With European markets up early this morning, it looks like Europe is voting for a breakout to the upside. But British Prime Minister David Cameron has threatened to put a spanner in the works, and he traveled to Brussels to keep the overzealous French from imposing a "Tobin tax" on financial transactions in the European Union. While such a tax might help bailout the wayward Greeks and Italians, it would put a serious dent in London's position as a leading global financial center. And there is no way that Cameron is going to let that happen.

In short, today's markets are all about headline risk, and Mr. (European) Market's mood swings. Or, as French Prime Minister Sarkozy would put it: Plus ça change, plus c'est la même chose. (The more things change, the more they stay the same.)

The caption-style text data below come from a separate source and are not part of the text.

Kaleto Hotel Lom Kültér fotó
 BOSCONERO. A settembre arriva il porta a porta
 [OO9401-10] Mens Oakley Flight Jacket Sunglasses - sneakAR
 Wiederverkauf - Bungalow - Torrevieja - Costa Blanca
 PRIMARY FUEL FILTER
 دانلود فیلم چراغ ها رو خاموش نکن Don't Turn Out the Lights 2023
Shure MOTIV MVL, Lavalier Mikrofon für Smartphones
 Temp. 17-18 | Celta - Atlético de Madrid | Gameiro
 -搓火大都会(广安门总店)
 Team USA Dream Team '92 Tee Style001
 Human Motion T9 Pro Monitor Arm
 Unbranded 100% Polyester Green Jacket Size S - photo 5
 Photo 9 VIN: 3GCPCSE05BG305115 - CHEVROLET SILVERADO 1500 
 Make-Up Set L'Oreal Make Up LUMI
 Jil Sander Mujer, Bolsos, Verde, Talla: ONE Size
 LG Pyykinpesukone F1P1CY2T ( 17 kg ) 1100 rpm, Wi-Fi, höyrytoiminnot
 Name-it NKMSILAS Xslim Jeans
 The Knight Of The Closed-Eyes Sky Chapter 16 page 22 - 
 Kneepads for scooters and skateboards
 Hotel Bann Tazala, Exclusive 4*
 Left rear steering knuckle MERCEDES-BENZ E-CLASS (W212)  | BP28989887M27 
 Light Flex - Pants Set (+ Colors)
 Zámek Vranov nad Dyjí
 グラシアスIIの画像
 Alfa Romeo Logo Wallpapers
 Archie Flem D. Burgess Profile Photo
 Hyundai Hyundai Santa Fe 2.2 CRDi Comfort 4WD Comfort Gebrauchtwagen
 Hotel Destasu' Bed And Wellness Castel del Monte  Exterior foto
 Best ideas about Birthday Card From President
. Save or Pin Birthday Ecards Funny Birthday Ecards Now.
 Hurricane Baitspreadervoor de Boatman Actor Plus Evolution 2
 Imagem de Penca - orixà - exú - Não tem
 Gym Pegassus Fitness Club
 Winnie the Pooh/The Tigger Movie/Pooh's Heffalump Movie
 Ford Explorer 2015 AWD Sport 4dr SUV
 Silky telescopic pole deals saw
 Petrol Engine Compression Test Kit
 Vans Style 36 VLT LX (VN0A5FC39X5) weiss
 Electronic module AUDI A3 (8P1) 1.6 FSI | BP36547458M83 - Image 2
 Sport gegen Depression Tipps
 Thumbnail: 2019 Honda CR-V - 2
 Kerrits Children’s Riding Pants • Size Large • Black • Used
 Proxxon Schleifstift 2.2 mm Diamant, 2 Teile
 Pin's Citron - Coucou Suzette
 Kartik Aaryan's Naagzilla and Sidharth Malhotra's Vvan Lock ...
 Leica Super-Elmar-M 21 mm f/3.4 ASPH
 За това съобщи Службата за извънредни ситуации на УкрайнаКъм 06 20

With all the focus on the latest shenanigans in Europe, it's been almost too easy to miss a crucial development in the U.S. S&P 500: Despite the market's sluggish behavior over the past four trading days, the S&P 500 is once again bumping up against its 200-day moving average.

As even non-technical analysts types will concede, the 200-day moving average is the "mother of all technical indicators." Once a market breaks through that crucial level -- and stays there -- many long-term investors feel a lot more comfortable entering the market.

If there is a self-fulfilling prophecy among technical indicators, then the 200-day moving average is it. Alas, this year, even this tried-and-true indicator has been as frustrating. The S&P 500 traded above its 200-day moving average between early September 2010 and just a day or two before the market collapse in early August 2011. In that case, it proved to be a remarkably prescient indicator. Since then, it's been less robust and reliable.

The S&P 500 actually traded above its 200-day moving average -- very briefly -- on the tail end of the remarkable rally in October, only to fall back below it almost immediately. It made another run for it in early November, peeking above the 200-day moving average level, only to pull back yet again.

If you look at the charts now, the market is right back at that same crucial turning point again; the S&P 500 closed Tuesday less than 6 points below its 200-moving average of 1264.23. To add to the confusion, the S&P 500 has actually briefly traded above this level intraday over the past two trading days.

So will the the third time be the charm? We should know for sure by the end of this week.